Exhibiting Dutch artists at the SmithDavidson Gallery booth are:
Marie Cécile Thijs is an artist with a distinctive signature. Her portraits are still lifes, and her still lifes become portraits. She is influenced by the old masters in painting, yet her work is clearly contemporary. Stillness is key. Marie Cécile Thijs, originally a lawyer, decided more than fifteen years ago to follow her love for the camera. She specializes in staged photography and created the series White Collar, Food Portraits, Chefs (Cooks), Horses and Human Angels, which are still in progress to this day. She also made many portraits of writers, politicians, designers, and artists. Her work has often been published and exhibited, her photos have repeatedly received international acclaim and are included in the collections of the Rijksmuseum Amsterdam, Museum Rotterdam and many public and private art collections. Recently her book ‘Characters’ has been published. She had her first retrospective in Museum Aan Het Vrijthof Maastricht. Her work has also been exhibited at TEFAF 2015.
Willem van Weeghel was born in 1956 in the city of Wageningen, the Netherlands. In Van Weeghel’s work, movement is the central means of expression. He creates changing structures that appear to move in the transitional area between chaos and order, between variability and uniformity, between volatility and consistency. As a reconciliation of opposites. Artwork and technique Van Weeghel’s kinetic objects are characterized by a serial use of T-shaped or lineair elements on a monochrome surface of which the form is generally of less importance than the movement these elements make. The moving elements form and dissolve patterns in a continuous and fluid movement of forms. The seemingly random movements of these objects are controlled by an integrated computer system that control a sophisticated mechanical system, which however is not visible to the spectator.

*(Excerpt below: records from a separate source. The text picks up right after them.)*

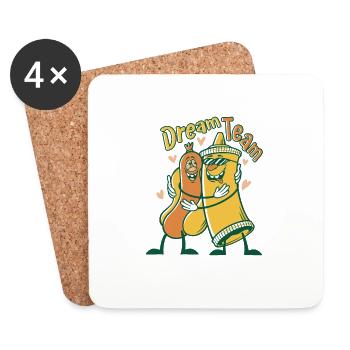 Drôle d’équipe de rêve de restauration rapide - Moutarde et saucisse - Dessous de verre (lot de 4) - blanc - Devant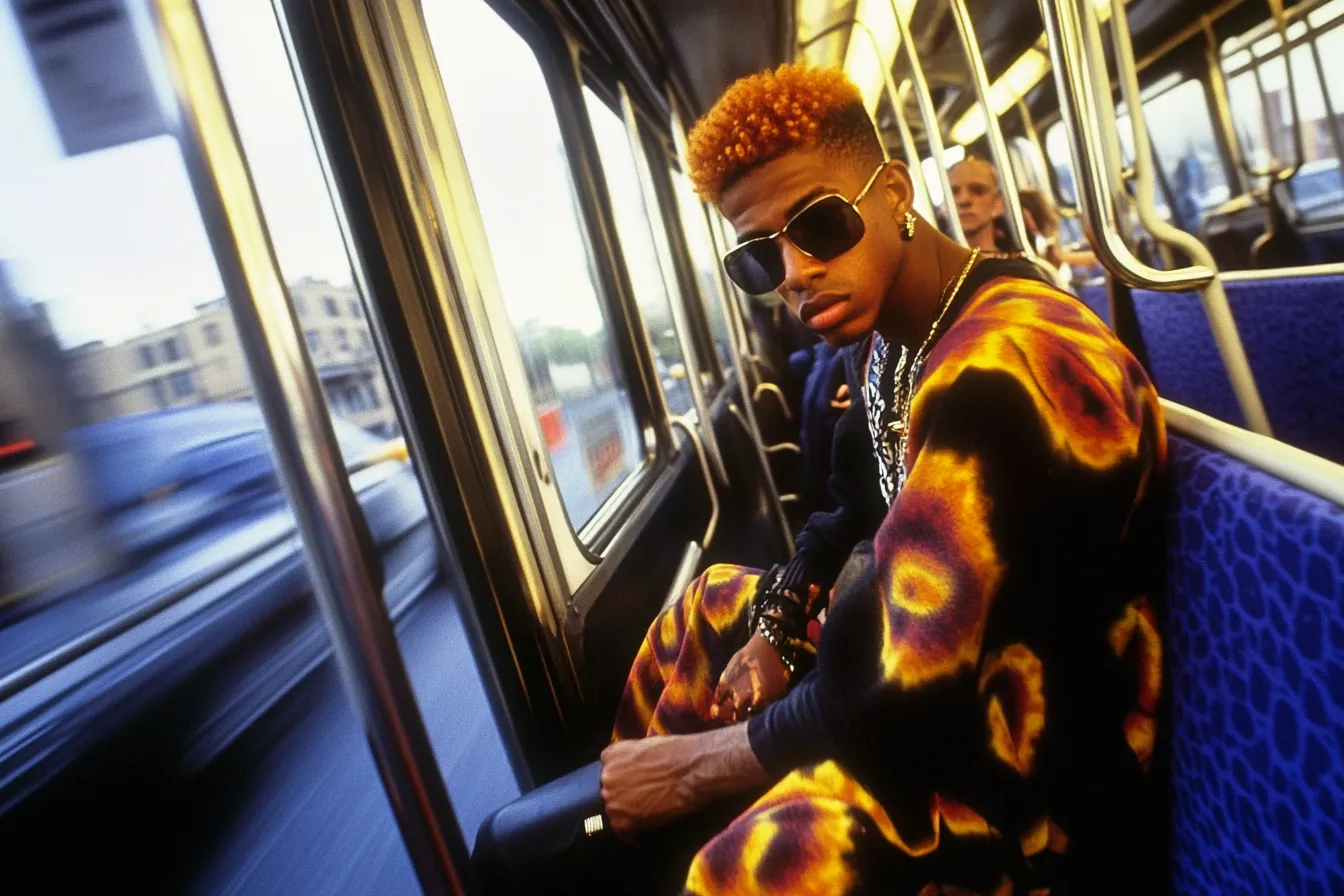 Joven con cabello rizado naranja y gafas de sol, sentado en un autobús con una chaqueta estampada en naranja, amarillo y negro, mirando por la ventana con la ciudad desenfocada al fondo.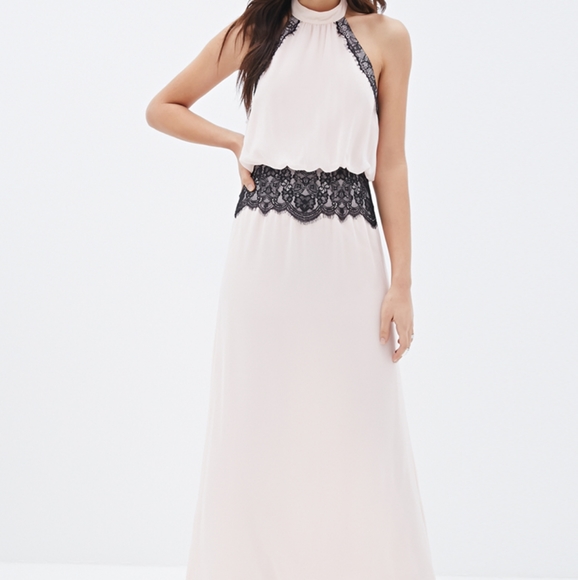 Forever 21 Dresses & Skirts - Pink and Black Lace Halter Maxi Dress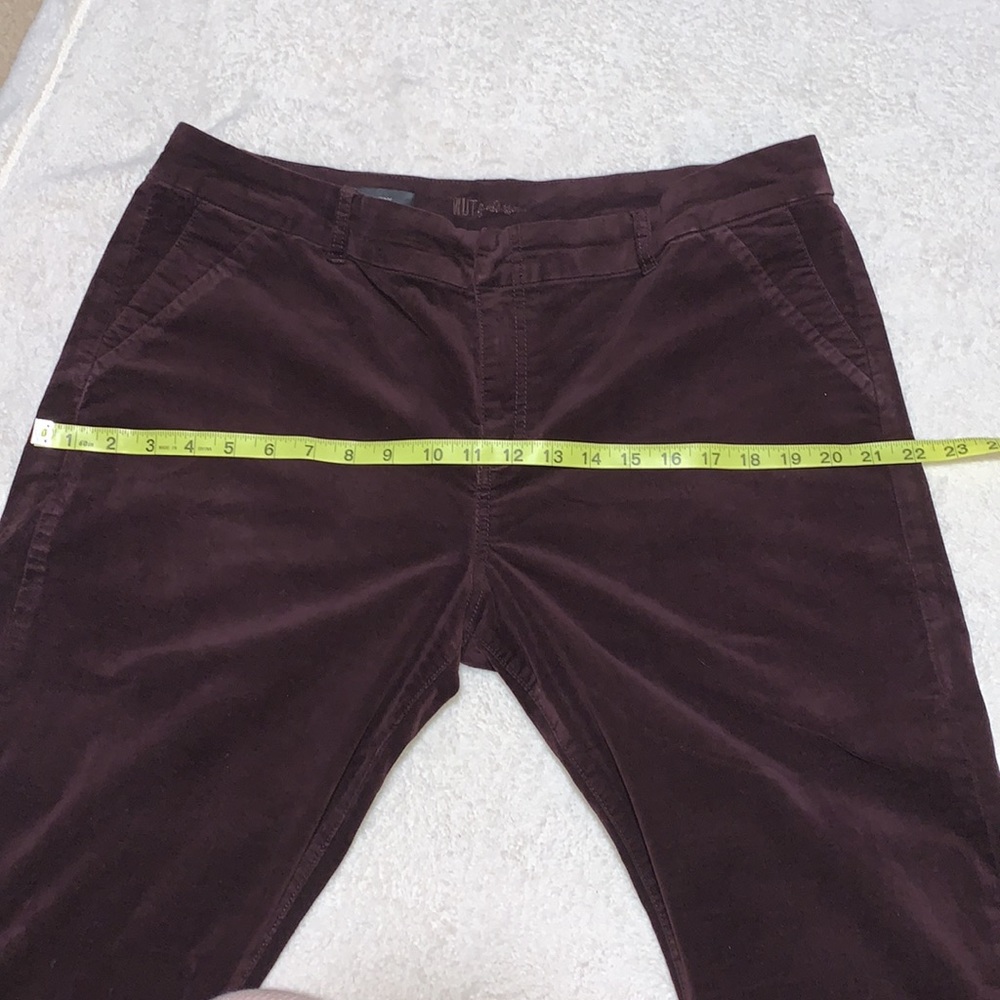 Kut from the Kloth Velveteen trouser velvet purple plum pants size 16 - Picture 16 of 16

The artist makes use of advanced and sophisticated technology, which is kept from view and which is only instrumental. Message Identical elements with identical movement options together form constantly changing structures. Like dancers executing a complex choreography. The forms the artist uses merely function as the instruments to make movement visible and, therefore, these are as simple as possible. The coordinated movement of the moving elements creates the complexity. Instrumental in an attempt to comprehend the constant movement in which structures appear and then disappear again. In an attempt to visualize the passage of time. The use of the technical, kinetic art for Van Weeghel is the optically alluring means to a deeper understanding of how to build order out of chaos. Works by Willem van Weeghel are included in various private, public and museum collections.
Dutch exhibiting artists at Wanrooij Gallery’s booth are:
The London-based gallery features Dutch artist Isabelle van Zeijl at its booth. Fine Art Photographer Isabelle van Zeijl explores the aesthetics and technics of the past to re-invent a contemporary artwork in her practice. Boundaries fade as she blends techniques and idiom of the old masters with present-day aesthetics to create striking portraits. By evoking both alienation and recognition, while addressing our collective memory, her photographs seduce the audience. By framing her own appearance within the broader context of the classical canon Van Zeijl explores beauty. Digitally composing her photographs like a painter by using techniques of the past, her work never compromises on authenticity. Even though she is both creator, object, and subject, her fine art photography reaches beyond the genre of self-portraiture, creating a universal woman and a vision of female aesthetics over time. With each portrait, Isabelle gets closer to both her personal truth and an all-embracing meaning of beauty that transcends time and age. Isabelle van Zeijl was shortlisted for the 2017 Young Masters Emerging Woman Prize, for which she was Highly Commended.